- Input records -
● ● ● ● ●
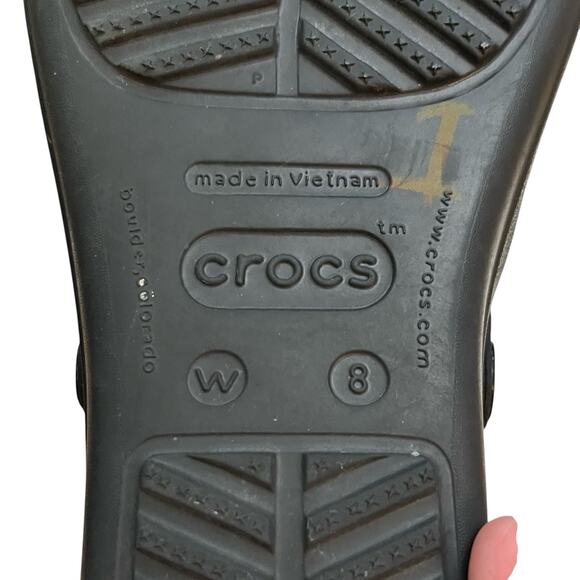 Crocs Sanrah Wedge Sandals 8 Black Hammered Circle Medallion Comfort Flip Flop - Picture 6 of 7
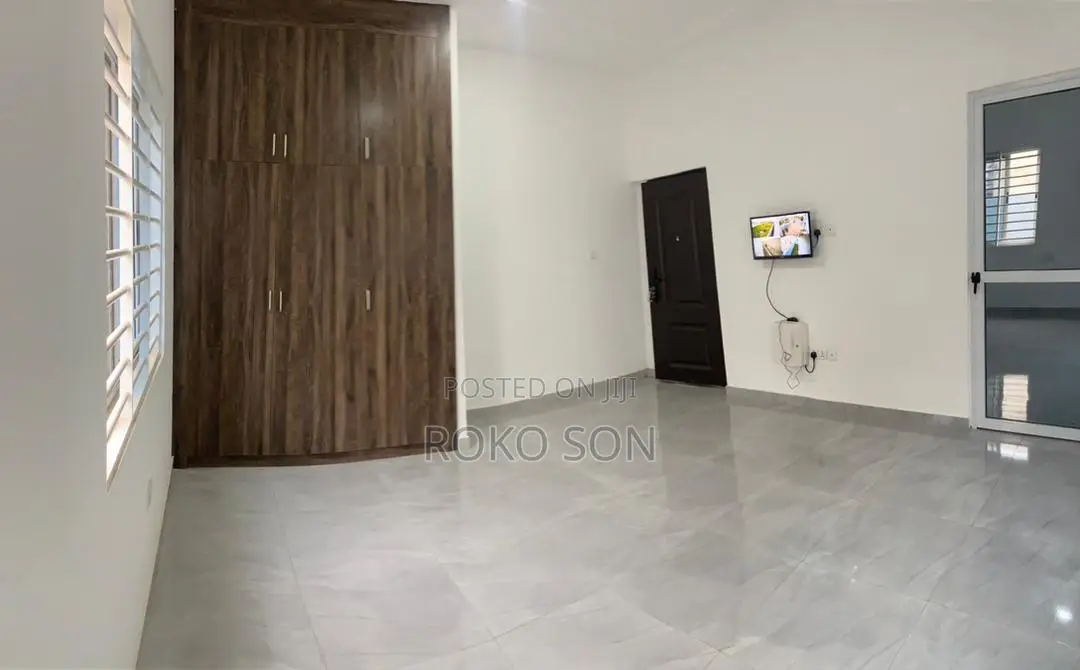 3bdrm House in Dr Roko, Lake Side Estate for sale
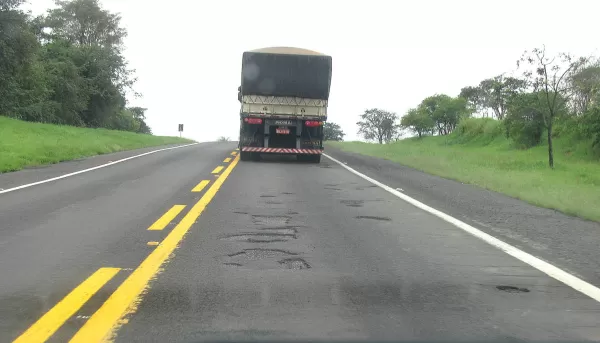 Feriadão aumenta movimento também na BR-153 e condições da pista exigem atenção redobrada em toda região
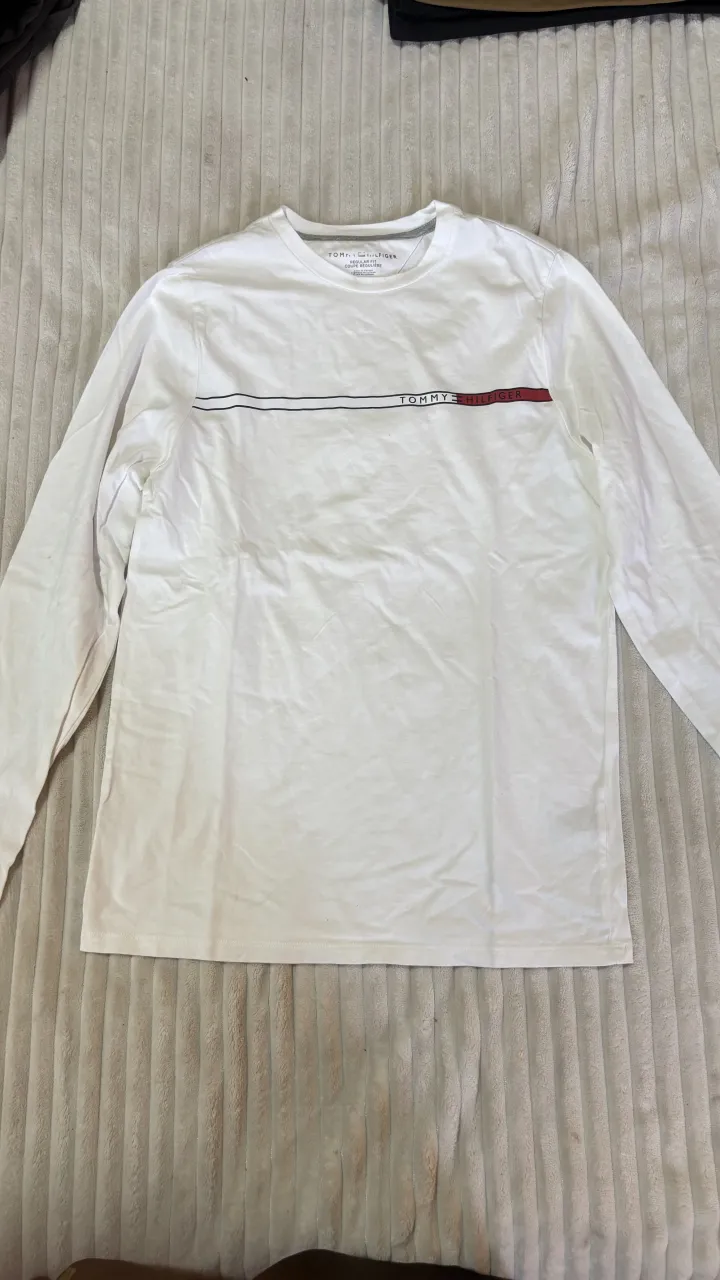 Remera Tommy Hilfiger - imagen 1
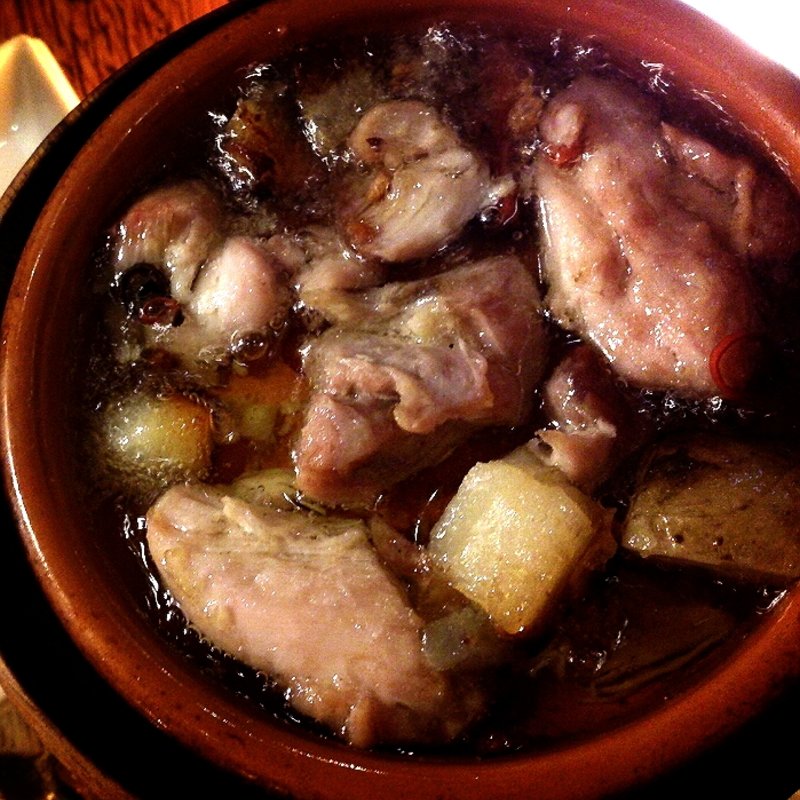 鶏肉のアヒージョ(YAKITORI＆WINE BARSAMICO すすきの駅店)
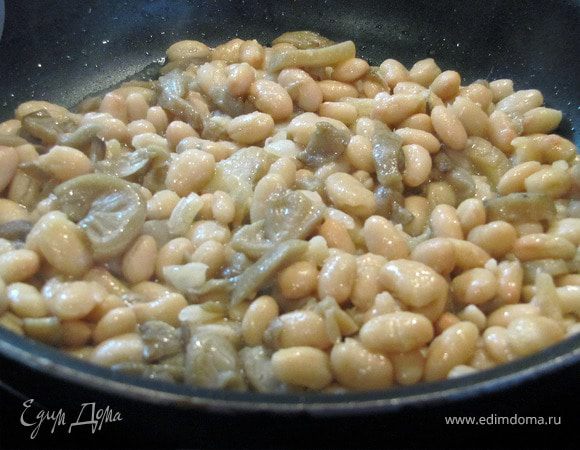 Выложить к грибам, тушить 5-7 минут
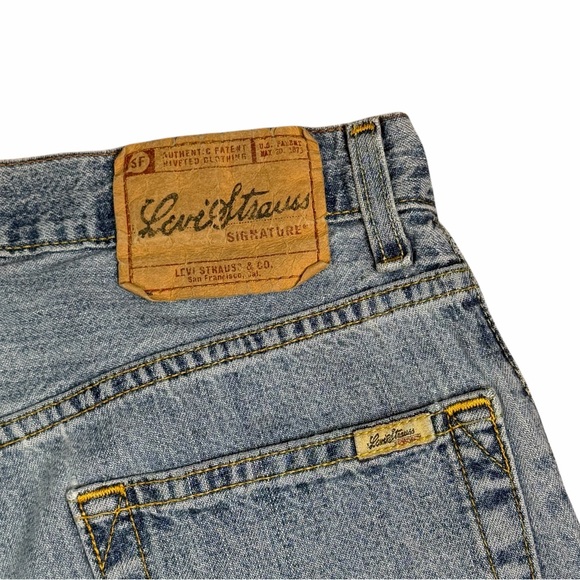 10/$25🦋 Vintage Levi’s Signature Straight Fit Jeans - 31x30 - Picture 6 of 14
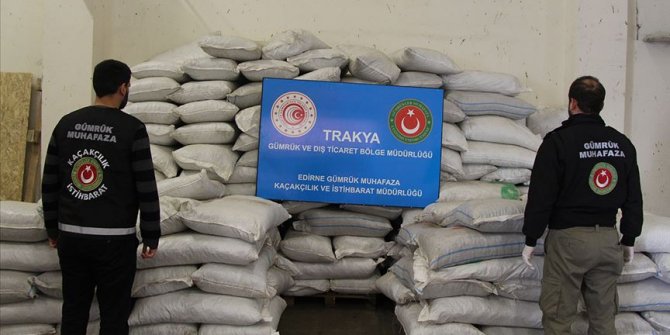 Bakan Pekcan: Kapıkule'de bir operasyonda 2 ton 70 kilogram esrar ele geçirildi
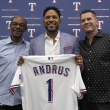 Elvis Andrus firma contrato simbólico para retirarse con los Rangers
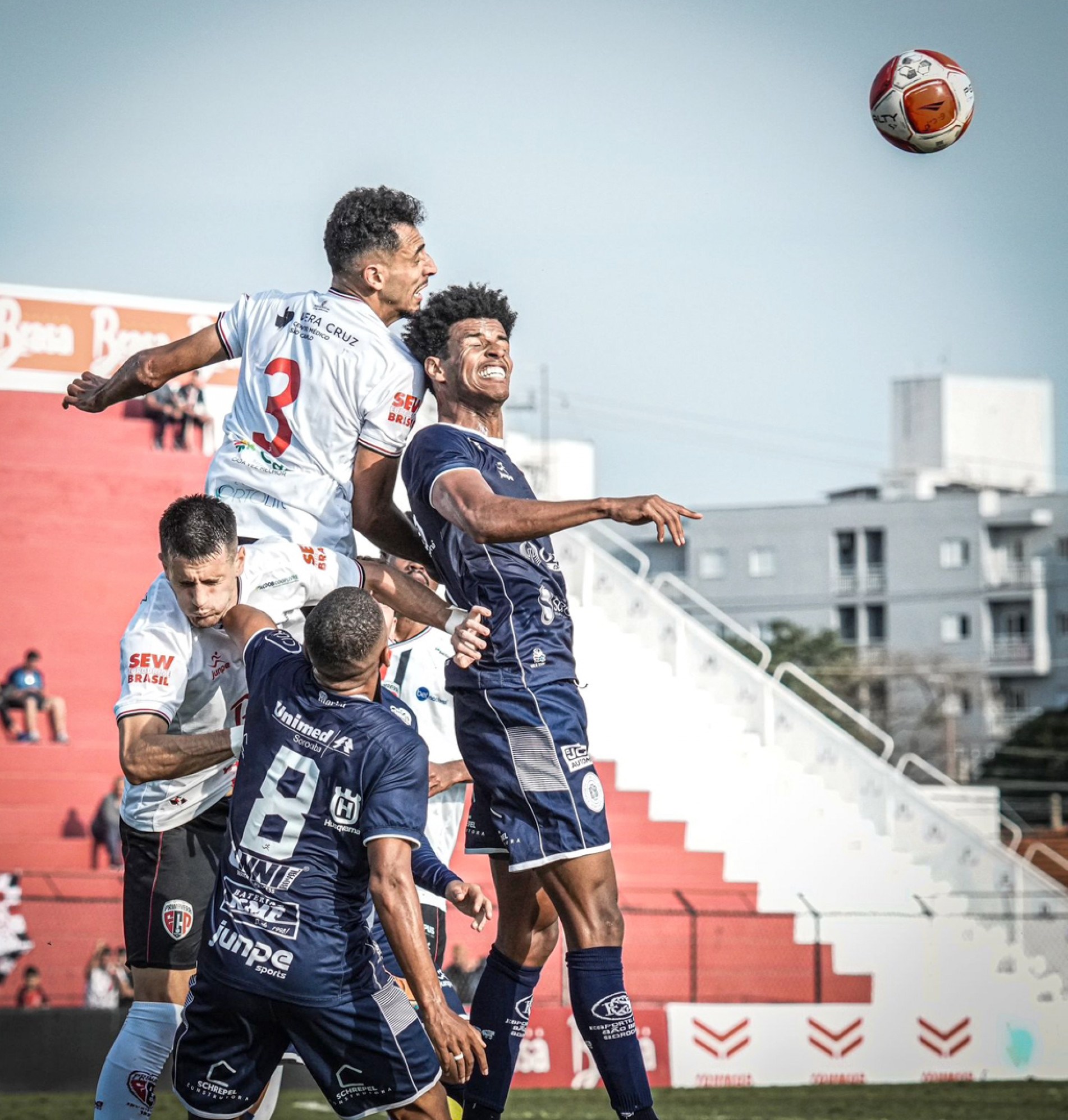 O Azulão lutou, mas com a derrota desce para a terceira colocação no grupo D,
com cinco pontos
● ● ● ● ●
Each line from the start of the entries through the line with "Выложить к грибам, тушить 5-7 минут" is to be restated exactly, and the pictures are to be skipped.

 Crocs Sanrah Wedge Sandals 8 Black Hammered Circle Medallion Comfort Flip Flop - Picture 6 of 7
 3bdrm House in Dr Roko, Lake Side Estate for sale
 Feriadão aumenta movimento também na BR-153 e condições da pista exigem atenção redobrada em toda região
 Remera Tommy Hilfiger - imagen 1
 鶏肉のアヒージョ(YAKITORI＆WINE BARSAMICO すすきの駅店)
 Выложить к грибам, тушить 5-7 минут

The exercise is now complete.